No Playboi Carti nominations is actually wild.

Carti dropped Music and instantly broke records. One hundred and thirty-four million Spotify streams on day one (the seventh-most-streamed album ever in 24 hours) and a No. 1 Billboard 200 debut, with 298,000 units—the biggest rap opening of 2025. It was the moment tons of casual listeners finally “got” why Carti’s a star. Culturally and commercially, he dominated. Yet the Academy acted like he didn’t exist. Somebody’s absolutely playing in our face.

Kendrick Lamar might be in the middle of another victory lap.

Nine nominations—including Record of the Year, Album of the Year, and Best Pop Duo/Group Performance—feels like Kendrick clocked back in just to remind everyone the run is still going. No clue if he’ll sweep this year, but it would absolutely insane if he did. 

Best album cover is becoming the category.

The newly introduced Best Album Cover award has already turned into music lover’s favorite debate club. Wet Leg, Perfume Genius, Bad Bunny, Djo, and Tyler, the Creator made the first-ever shortlist. Fans are arguing already about everything from aesthetics to snubs. Take, for example, Sabrina Carpenter’s highly controversial cover of Man’s Best Friend that everyone made a TikTok video explaining their position about. But controversy does not equal quality, and the voters clearly kept that in mind.
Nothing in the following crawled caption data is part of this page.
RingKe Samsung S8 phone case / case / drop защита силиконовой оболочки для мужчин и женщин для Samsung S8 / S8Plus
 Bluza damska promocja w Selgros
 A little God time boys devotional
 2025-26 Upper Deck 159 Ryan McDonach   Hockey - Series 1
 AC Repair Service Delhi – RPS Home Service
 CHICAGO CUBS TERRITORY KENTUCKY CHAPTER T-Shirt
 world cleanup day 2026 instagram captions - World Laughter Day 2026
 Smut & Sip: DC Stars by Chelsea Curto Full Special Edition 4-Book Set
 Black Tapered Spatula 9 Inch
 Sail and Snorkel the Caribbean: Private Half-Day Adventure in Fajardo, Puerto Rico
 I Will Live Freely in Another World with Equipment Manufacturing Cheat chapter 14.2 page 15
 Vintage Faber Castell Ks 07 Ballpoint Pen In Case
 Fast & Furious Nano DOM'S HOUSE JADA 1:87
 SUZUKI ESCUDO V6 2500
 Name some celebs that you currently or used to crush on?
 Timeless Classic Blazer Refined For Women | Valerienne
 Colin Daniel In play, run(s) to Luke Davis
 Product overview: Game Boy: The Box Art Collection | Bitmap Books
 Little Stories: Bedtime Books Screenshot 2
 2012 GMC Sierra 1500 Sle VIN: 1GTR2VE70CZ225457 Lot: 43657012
Swifties… there is a deadline. 

Taylor Swift’s zero nominations have nothing to do with politics or sabotage. It’s the calendar. This year’s eligibility window ran from Aug. 31, 2024 to Aug. 30, 2025, and Swift’s The Life of a Showgirl dropped on Oct.3, 2025. Yet every year, people act like the deadline is a mythological creature.

Best new artist does NOT equal newborn.

Every year, people relearn that “new” really means “breakthrough" with this category. That’s why The Marías, who have been around since 2016, still qualified. It’s not really about starting; it’s about when an artist has truly arrived to capture the industry’s attention. 

Bad Bunny deserves to sweep, actually. 

This year had to be Bad Bunny’s year as he ran it on his term, delivering high-quality music, staging an ambitious hometown residency in Puerto Rico that fans traveled across continents to attend, and largely skipping the U.S. on tour while still commanding global attention. With a Super Bowl halftime performance on deck, he’s stayed louder than most artists who even tried. A Grammys sweep feels like the natural outcome for this kind of dominance.